# job offer away from my partner - what to do



## bluebellwoods (Jul 22, 2013)

I'm new here so I hope I'm posting this in the right place! I really need some advice because I'm super stressed about a job offer I just received in another city, 4 hours drive from where my partner is. It probably sounds like a short distance to many of you, but here's the dilemma:
We have a fantastic relationship for the past 2 years. We are totally in love, both in our early 30's and want marriage and children in the next 1-2 years max. However because of work commitments we weren't able to live in the same town as eachother until 6 months ago. It's been great - domestic bliss! But while he found a good, permanent job (practically unheard of in this country at the moment!) I haven't been able, even though I am well qualified. Slowly I started to feel a bit worried - what if I never work again? I spent years in college and opportunities for me are slim in the town where we live. So one day I applied for a random job in another city, I never thought they'd call and weeks passed and in fact I was relieved - moving away would uprooting and stressful. So of course, they rang, I did the interview because all my girlfriends told me to (I was secretly wishing I wouldn't get it) and, of course, I got the job. The thing is, its not well paid but it is working in the area I'm qualified in. It's a 12 month contract, so in theory I could move and then move back.
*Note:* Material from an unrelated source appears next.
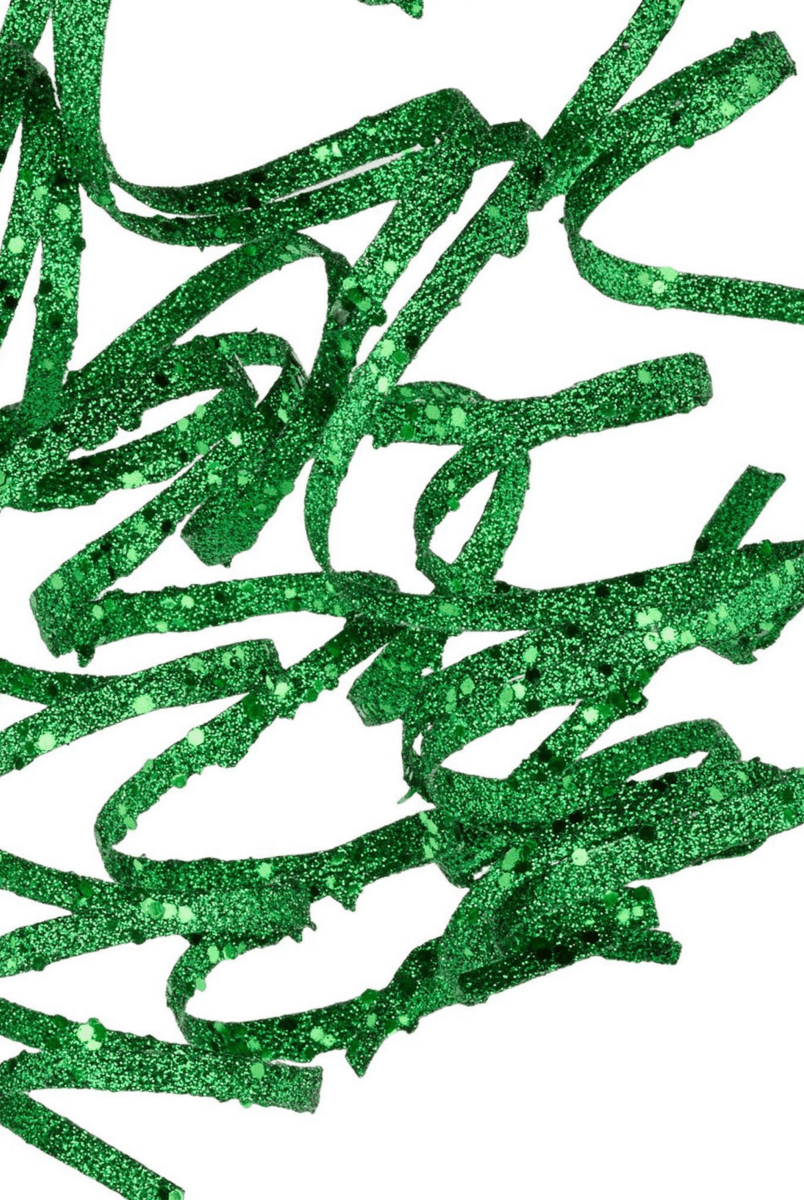 Shop For 31" Curly Glitter Ribbon Spray: Emerald Green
But at the same time I'm disrupting our new lives together for a job that doesn't actually add anything to my prospects of finding a job in our home town. I'm totally torn and would REALLY appreciate any advice. On one hand our relationship has never been better, and I'm busy enough with charity work, doing the garden and settling into our new house. On the other hand I studied for years to work and I'm afraid I'll end up bitter or resentful or bored down the line. Help!:scratchhead:


----------



## PHTlump (Jun 2, 2010)

You need to decide for yourself whether you want to dedicate yourself to your career, or to your future husband and family. Obviously living 4 hours apart will either put your relationship on hold, or end it completely. And you can't even think about having kids while you're living apart.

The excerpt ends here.